Abstract 14870: Meta-Analysis of the Efficacy, Safety and Cost-Benefit of Direct Oral Anticoagulation for Extended Venous Thromboembolism Prophylaxis in Medically Ill Patients Post-Hospitalization

Medically ill patients remain at risk of venous thromboembolism (VTE) for up to 6 weeks after hospital discharge due to factors such as immobilization and inflammation. We conducted a meta-analysis and systematic review of Phase III randomized controlled trials comparing extended use of direct oral anticoagulation (DOAC) post-discharge for VTE prophylaxis with placebo (n=4). We determined the risk, benefit and cost-benefit of each. The primary efficacy outcome (composite of VTE and mortality) occurred in 373/13099 patients in the DOAC group (2.9%) and 477/13309 patients in the placebo group (3.6%) with an OR 0.79 (95% CI0.69-0.91).
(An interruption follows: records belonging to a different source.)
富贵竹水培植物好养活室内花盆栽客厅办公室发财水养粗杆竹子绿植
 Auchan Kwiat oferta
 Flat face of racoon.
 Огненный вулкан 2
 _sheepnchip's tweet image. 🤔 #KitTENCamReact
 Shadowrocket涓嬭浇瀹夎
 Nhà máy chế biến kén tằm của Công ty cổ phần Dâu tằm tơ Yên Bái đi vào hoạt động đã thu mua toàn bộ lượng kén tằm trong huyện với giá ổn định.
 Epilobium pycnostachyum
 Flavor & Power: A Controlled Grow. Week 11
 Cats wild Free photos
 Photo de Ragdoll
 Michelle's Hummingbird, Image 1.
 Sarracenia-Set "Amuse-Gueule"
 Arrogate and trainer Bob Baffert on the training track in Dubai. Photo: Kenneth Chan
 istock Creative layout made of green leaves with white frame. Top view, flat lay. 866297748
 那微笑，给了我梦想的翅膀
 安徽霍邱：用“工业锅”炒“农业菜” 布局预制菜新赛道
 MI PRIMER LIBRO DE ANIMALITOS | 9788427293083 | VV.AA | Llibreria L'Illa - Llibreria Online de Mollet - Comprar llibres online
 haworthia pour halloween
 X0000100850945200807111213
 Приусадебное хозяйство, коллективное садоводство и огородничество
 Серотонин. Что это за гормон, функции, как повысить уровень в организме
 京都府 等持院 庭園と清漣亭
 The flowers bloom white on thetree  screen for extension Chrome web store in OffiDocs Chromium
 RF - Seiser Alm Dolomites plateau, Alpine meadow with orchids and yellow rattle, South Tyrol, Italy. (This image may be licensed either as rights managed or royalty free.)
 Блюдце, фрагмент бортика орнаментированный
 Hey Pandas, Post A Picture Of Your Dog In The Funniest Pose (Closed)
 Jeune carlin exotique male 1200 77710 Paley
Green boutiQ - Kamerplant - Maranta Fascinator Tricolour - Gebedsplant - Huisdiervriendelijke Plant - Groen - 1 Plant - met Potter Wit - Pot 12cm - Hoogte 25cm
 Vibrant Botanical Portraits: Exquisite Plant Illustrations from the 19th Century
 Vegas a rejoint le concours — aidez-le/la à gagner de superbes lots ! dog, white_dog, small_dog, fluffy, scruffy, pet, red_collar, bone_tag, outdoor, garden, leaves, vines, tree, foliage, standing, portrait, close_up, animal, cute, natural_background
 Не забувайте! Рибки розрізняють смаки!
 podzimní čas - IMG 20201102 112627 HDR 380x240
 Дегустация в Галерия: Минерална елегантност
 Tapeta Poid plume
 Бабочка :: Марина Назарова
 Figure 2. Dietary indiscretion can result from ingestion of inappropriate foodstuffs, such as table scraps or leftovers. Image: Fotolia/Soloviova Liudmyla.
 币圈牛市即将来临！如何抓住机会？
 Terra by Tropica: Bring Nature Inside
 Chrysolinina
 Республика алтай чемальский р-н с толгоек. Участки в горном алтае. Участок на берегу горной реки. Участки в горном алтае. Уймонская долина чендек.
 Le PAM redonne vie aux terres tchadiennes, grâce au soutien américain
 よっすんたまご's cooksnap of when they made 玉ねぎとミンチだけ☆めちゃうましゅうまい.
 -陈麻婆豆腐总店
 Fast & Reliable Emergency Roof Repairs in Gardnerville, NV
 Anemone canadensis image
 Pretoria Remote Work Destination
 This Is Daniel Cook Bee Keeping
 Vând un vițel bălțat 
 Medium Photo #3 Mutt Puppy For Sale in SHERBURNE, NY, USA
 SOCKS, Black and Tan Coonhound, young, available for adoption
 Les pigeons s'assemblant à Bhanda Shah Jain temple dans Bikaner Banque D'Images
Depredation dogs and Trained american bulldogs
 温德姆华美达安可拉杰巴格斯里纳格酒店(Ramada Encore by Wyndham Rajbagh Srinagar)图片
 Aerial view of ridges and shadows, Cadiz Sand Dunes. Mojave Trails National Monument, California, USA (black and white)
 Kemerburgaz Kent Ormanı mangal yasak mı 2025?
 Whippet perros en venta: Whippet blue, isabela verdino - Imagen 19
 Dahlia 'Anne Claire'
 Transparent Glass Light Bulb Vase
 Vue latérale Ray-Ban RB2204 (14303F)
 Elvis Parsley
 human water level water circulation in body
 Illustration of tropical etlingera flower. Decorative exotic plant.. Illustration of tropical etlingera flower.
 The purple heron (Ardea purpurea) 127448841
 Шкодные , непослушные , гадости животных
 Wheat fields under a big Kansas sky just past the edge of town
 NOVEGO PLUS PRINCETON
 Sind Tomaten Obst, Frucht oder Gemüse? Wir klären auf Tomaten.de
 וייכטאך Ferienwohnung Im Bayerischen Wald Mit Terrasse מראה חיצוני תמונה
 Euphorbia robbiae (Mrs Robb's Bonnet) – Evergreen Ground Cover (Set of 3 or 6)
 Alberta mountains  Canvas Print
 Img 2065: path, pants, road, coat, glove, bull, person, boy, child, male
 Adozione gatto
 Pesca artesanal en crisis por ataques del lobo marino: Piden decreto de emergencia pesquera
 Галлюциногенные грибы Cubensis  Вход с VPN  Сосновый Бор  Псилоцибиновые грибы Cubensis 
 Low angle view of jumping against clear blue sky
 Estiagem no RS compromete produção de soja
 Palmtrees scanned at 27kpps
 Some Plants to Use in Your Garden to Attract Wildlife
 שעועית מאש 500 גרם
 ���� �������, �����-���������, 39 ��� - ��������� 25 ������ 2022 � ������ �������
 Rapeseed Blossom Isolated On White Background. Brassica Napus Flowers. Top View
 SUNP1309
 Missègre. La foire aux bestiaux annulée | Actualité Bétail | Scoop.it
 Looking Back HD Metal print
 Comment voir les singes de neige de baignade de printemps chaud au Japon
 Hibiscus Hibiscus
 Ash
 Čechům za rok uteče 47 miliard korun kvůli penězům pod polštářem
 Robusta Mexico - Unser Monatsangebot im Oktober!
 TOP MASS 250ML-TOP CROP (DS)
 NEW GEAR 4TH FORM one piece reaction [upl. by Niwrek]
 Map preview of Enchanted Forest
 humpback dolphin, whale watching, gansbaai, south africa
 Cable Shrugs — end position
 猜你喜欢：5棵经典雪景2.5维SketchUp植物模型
The secondary efficacy outcome (non-fatal symptomatic VTE) occurred in 75/15573 patients in the DOAC group (0.48%) and 120/15599 in the placebo group (0.77%) with an OR 0.62 (95% CI0.47-0.83). The primary safety outcome (major bleeding) occurred in 90/15474 patients in the DOAC group (0.58%) and in 47/15418 patients in the placebo group (0.3%) with an OR 1.92 (95% CI1.35-2.73). The secondary safety (clinically relevant non-major bleeding) outcome occurred in 333/15474 patients in the DOAC group (2.2%) and 191/15418 patients in the placebo group (1.2%) with an OR 1.75 (95% CI1.46-2.1). The extended use of VTE prophylaxis post-discharge results in decreased VTE events but increased bleeding risk. When extrapolated nationally, this reduced VTE fatality by 5,658 patients but increased bleeding fatality by 1,838. Our cost-effective analysis of extended DOAC use versus placebo showed superiority of the DOAC group. In conclusion, given the mortality benefit and cost-effectiveness, extended thromboprophylaxis would be a beneficial strategy.